GOAL OF THE EXERCISE
Among the records below, find the line with "Roin Rivet Nylon Bermuda Pants 3C" and the line with "Ratana Palm Harbor". Set down both and every line between, exactly and with no pictures, but nothing else.

--- DATA EXTRACTS Enclosed Below ---

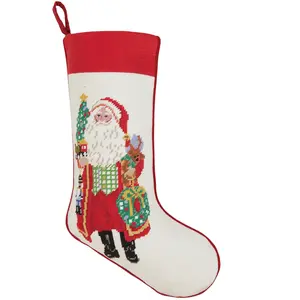Spirits Bright Embroidered Stocking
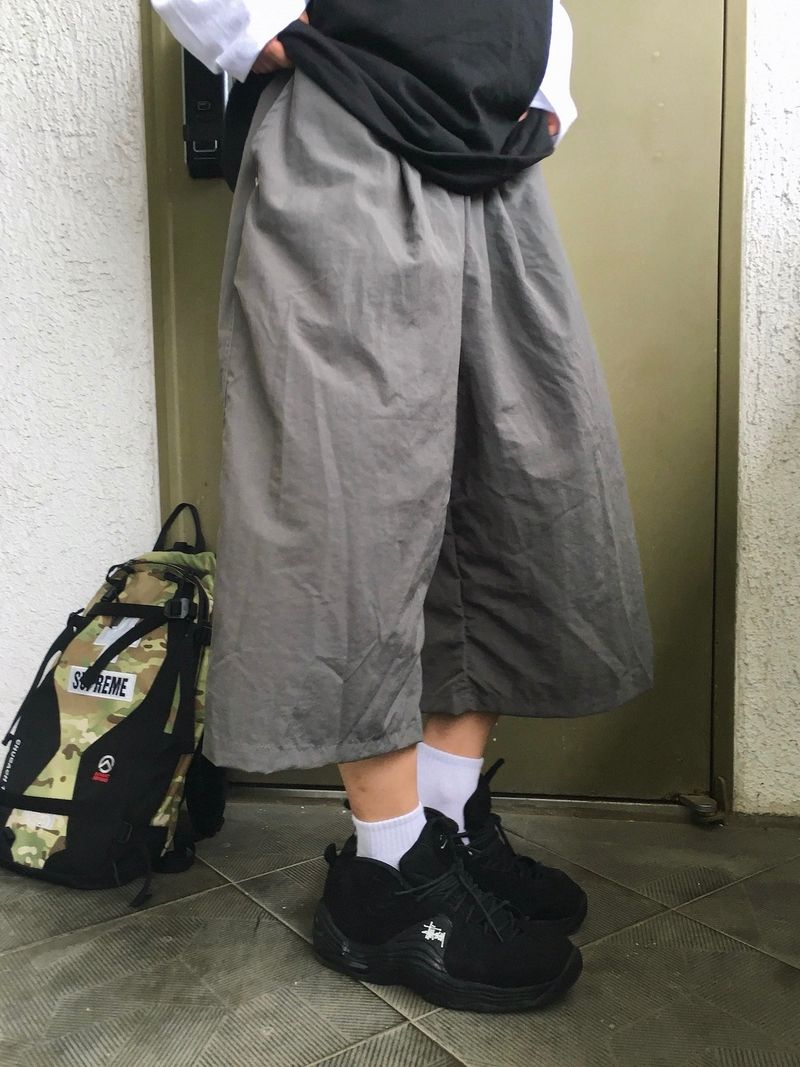 Roin Rivet Nylon Bermuda Pants 3C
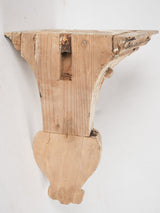 Sculpted wooden wall bracket console 14¼"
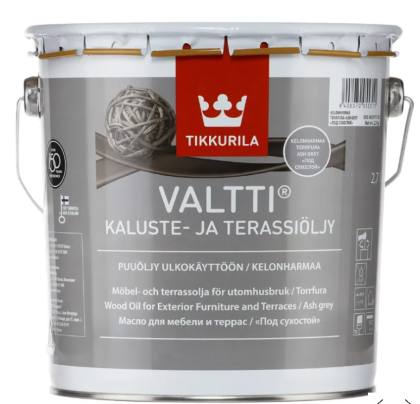 Valtti Terrace Oil Масло за градинска мебел и тераса - пепеливо сиво 2,7L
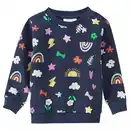 Bild 1 von Baby Sweatshirt mit bunten Motiven allover DUNKELBLAU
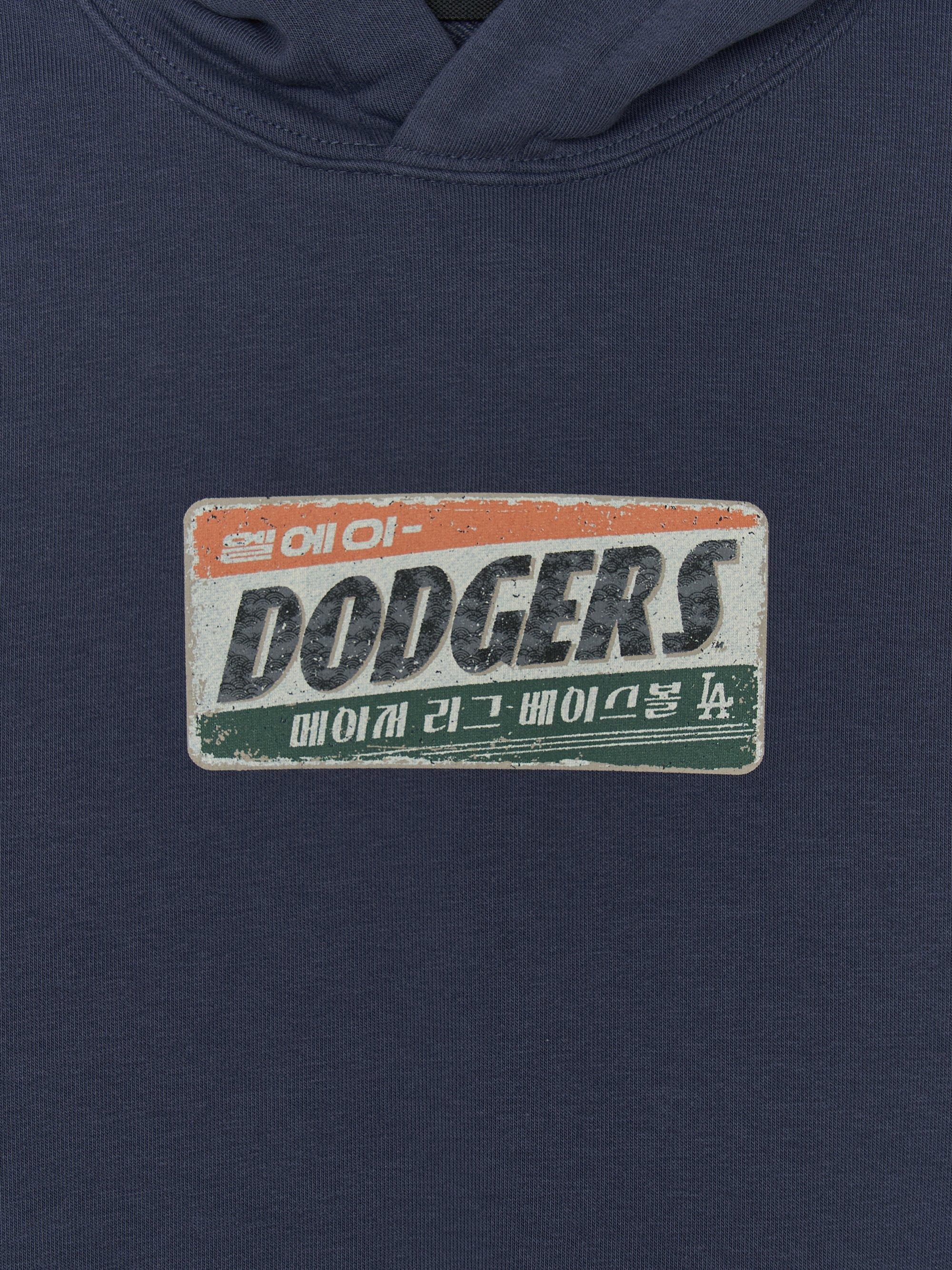 MLB 한남 빈티지 로고 후드티 LA다저스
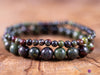 DRAGONS BLOOD JASPER Crystal Bracelet - Round Beads - Beaded Bracelet, Handmade Jewelry, Healing Crystal Bracelet, E0615-Throwin Stones
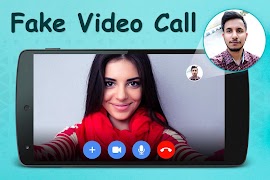 Fake Video Call : Girlfriend FakeTime prank 海報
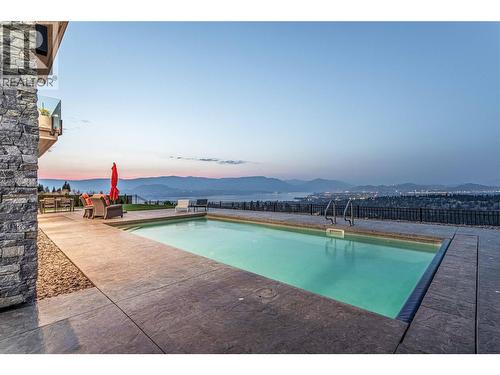 1050 Ledgeview Court, Kelowna, BC - Outdoor With In Ground Pool With View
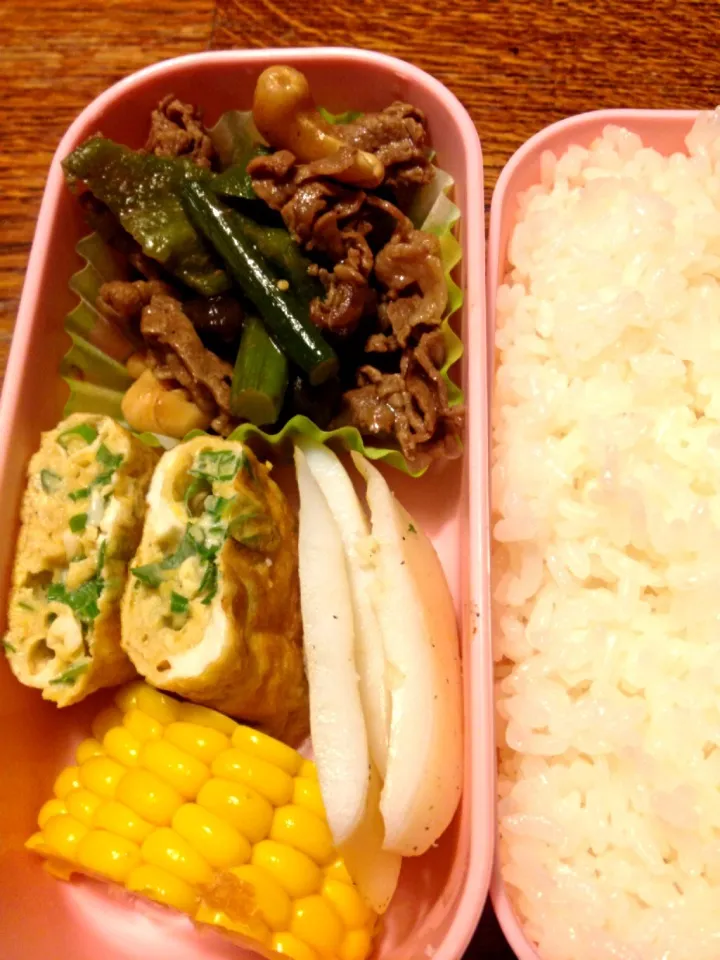 /5 隙間が気になる弁当|めーらさん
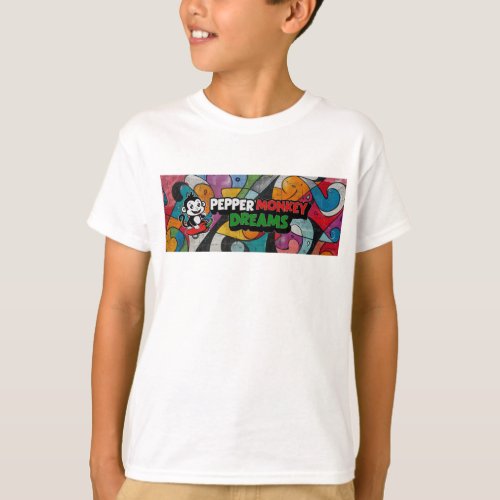 Pepper Monkey Dreams Graffiti Brand _T_shirt T_Shirt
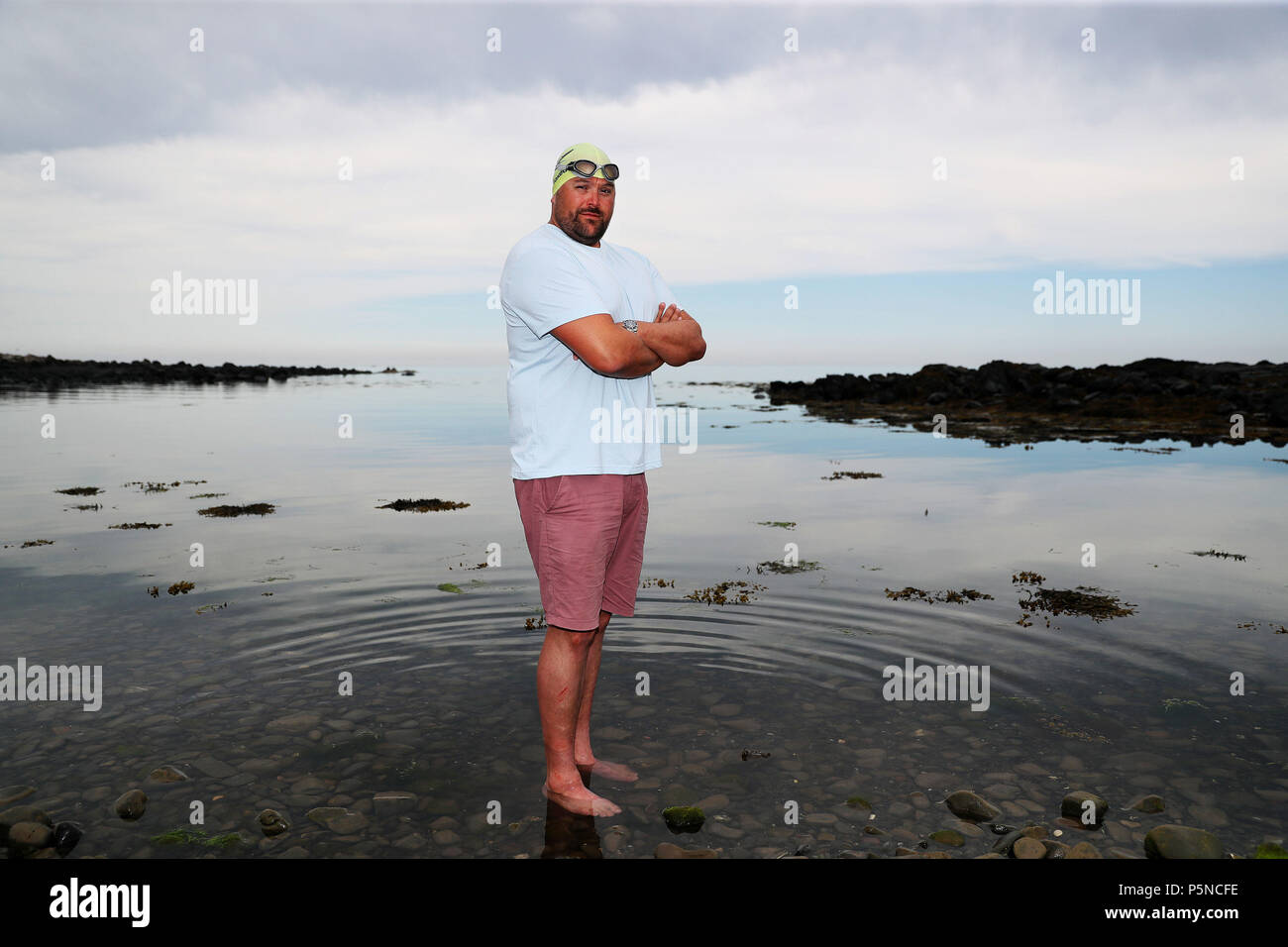 Nicholas Murch, from London, who has the first person to swim the North Channel this year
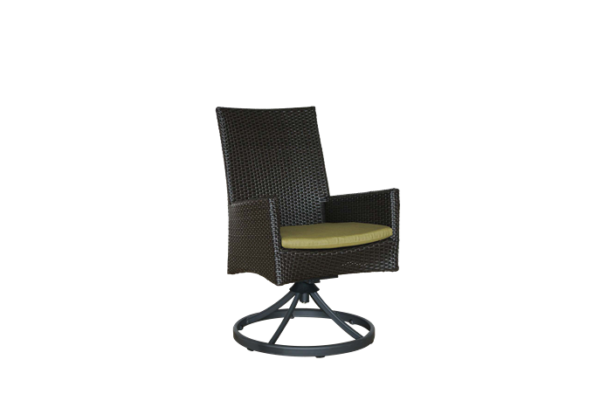 Ratana Palm Harbor Swivel Rocking Dining Arm Chair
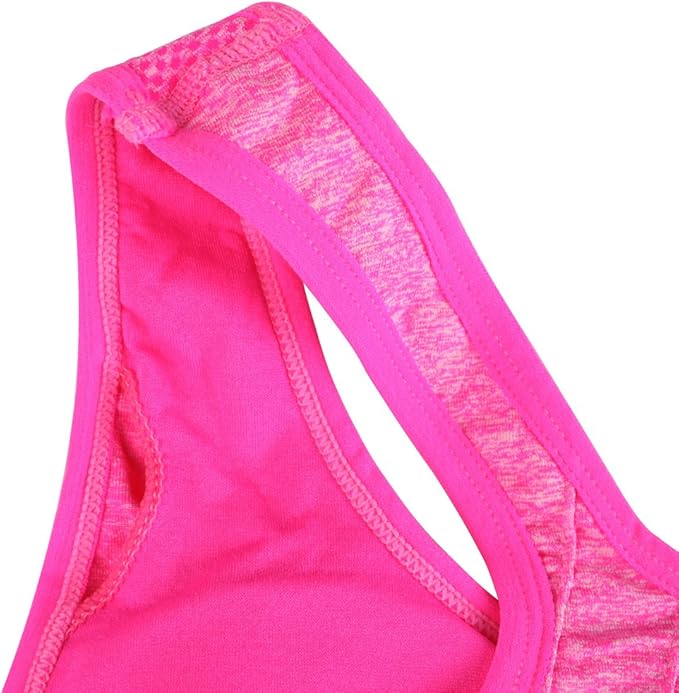 Women's Zipper Front Closure Sports Bra Racerback Yoga Bras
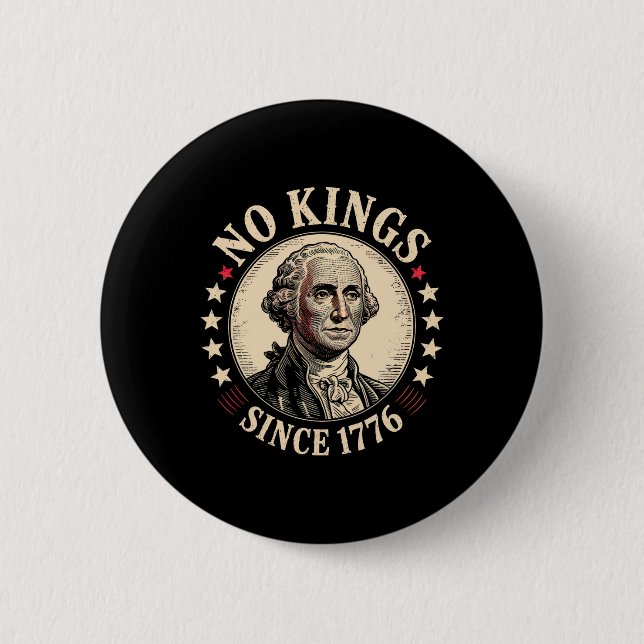 No Kings In America 1776  Button (Front)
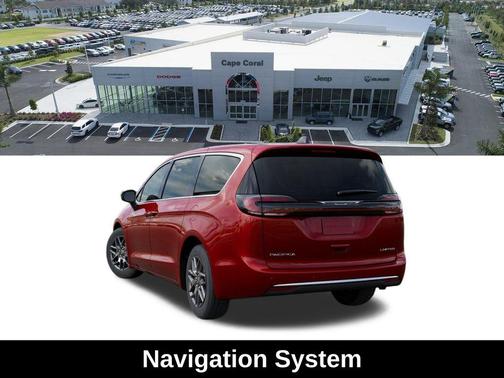 Red Hot Pearlcoat 2027 Chrysler Pacifica Limited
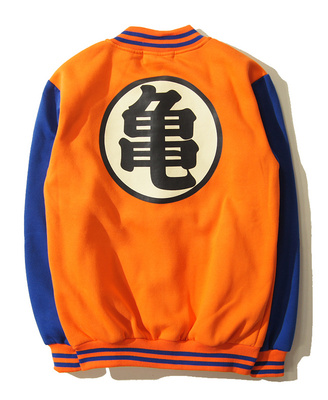 [新品促销] 日系装龙珠潮流情侣装 七龙珠悟空衣服龟仙人龟字秋款夹克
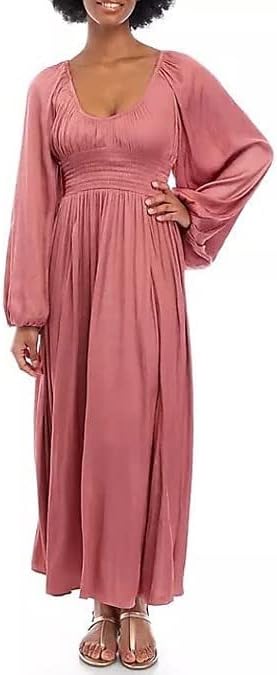 moon river ruffle sleeve shirred midi dress Moon River Ruffle Sleeve Shirred Midi Dress in Kiwi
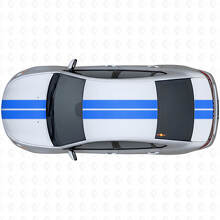 Kit de Vinilo con Rayas de Doble Contorno Delanteras Superiores y Traseras para Dodge Dart 2013+_4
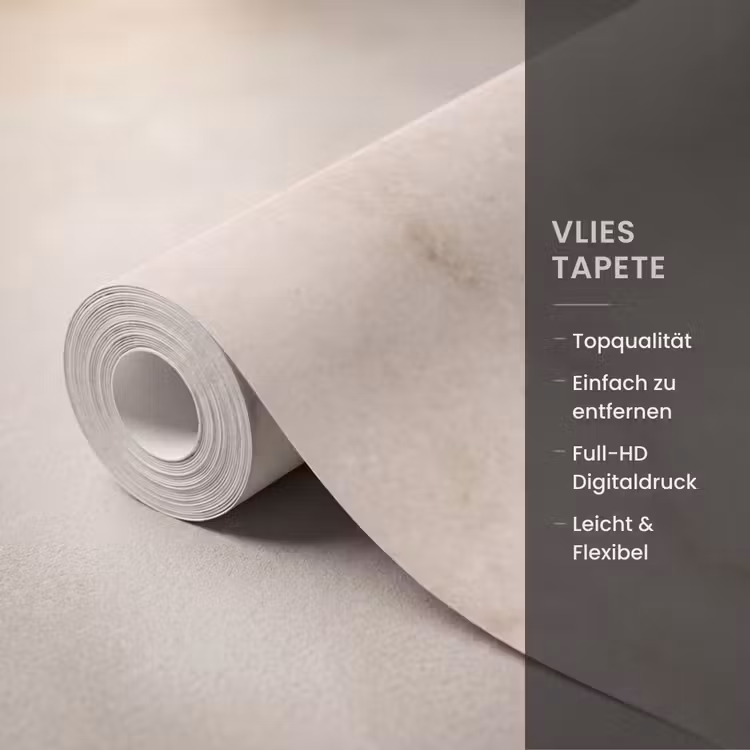 Marmer - Patroon - Abstract - Modern - Beige Behang Vlies klein -USP_closeupDE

--- End of Enclosed DATA EXTRACTS ---

ANSWER TO THE PROBLEM
 Roin Rivet Nylon Bermuda Pants 3C
 Sculpted wooden wall bracket console 14¼"
 Valtti Terrace Oil Масло за градинска мебел и тераса - пепеливо сиво 2,7L
 Bild 1 von Baby Sweatshirt mit bunten Motiven allover DUNKELBLAU
 MLB 한남 빈티지 로고 후드티 LA다저스
 DRAGONS BLOOD JASPER Crystal Bracelet - Round Beads - Beaded Bracelet, Handmade Jewelry, Healing Crystal Bracelet, E0615-Throwin Stones
 Fake Video Call : Girlfriend FakeTime prank 海報
 1050 Ledgeview Court, Kelowna, BC - Outdoor With In Ground Pool With View
 /5 隙間が気になる弁当|めーらさん
 Pepper Monkey Dreams Graffiti Brand _T_shirt T_Shirt
 Nicholas Murch, from London, who has the first person to swim the North Channel this year
 Ratana Palm Harbor Swivel Rocking Dining Arm Chair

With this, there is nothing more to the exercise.